I understand that technology often plays such a large role in our lives that it may seem like technology runs our lives. How many of us have felt that phantom buzz in our pockets from what we thought was our phone buzzing, or now on our wrists with smartwatches. Technology is in our cars, in our homes, at work, and in our pockets. At times it feels like we can't escape it. I'm guessing that's where that comment came from - an effort to not let technology run our lives.
As much as I understand and align with that perspective and effort, and believe that there was no ill will from the person who said it, I also see the benefits of technology on our lives - our healthy lives. First, we rely on technology to help us wake up. There really isn't anything wrong with setting an alarm so we can get up in time for work, for important meetings, or even just to not miss out on the possibilities of the day.
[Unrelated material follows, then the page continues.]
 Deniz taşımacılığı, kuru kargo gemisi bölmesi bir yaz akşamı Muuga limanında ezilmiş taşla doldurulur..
We rely on technology to help us get around. I'm sure there are still times when people pull out a paper map to find their way around (maybe at theme parks) but most directions and methods of getting around now involve technology - Waze, Google Maps, ... (Many theme parks now have mobile apps to help you get around too.) Another example of how technology benefits our lives is through communication. This is done through email, phone calls, Twitter, Voxer, and so many more platforms for communicating ideas and learning from other people's words and perspectives. Although I am not active on Facebook anymore, many people often speak about how Facebook helps them stay in touch with friends from years ago and in different countries and continents. Technology benefits our lives.
So, do I rely on technology, namely my Apple Watch, to tell me to stand up? Yes. Why shouldn't I? I appreciate the notifications to stand up. I appreciate being able to look down and see my progress on the activity rings. I appreciate the notifications to breathe - to pause and focus on being mindful. I appreciate being able to see how many steps I've taken on my Fitbit One (yes, I use both an Apple Watch and a Fitbit tracker - my Fitbit One is the basic model that serves its purpose). I appreciate the social aspect of technology to help promote healthy living.
I've used the Fitbit platform since February of 2014 and the social aspect of the platform has really helped motivate me to stay active, to get my steps in, to live a healthy lifestyle. The challenges with others have really helped me and I know it's helped others who are in those challenges too. Maybe it's the competition, the cheers, the comparisons, the analytics, ... that help the challenges. No matter what the reason is, it's helped me maintain my focus on activity and healthy living.
Recently, another educator, Mark Loundy, shared with me a benefit of the Fitbit challenges for him. Mark sent me a screenshot of one of data collection options in the Fitbit platform. He said that ever since I connected with him on Fitbit and initiated the challenges, he's seen his body weight go down. It's really incredible to see his excitement and sense of accomplishment. What an incredible example of using technology for healthy living.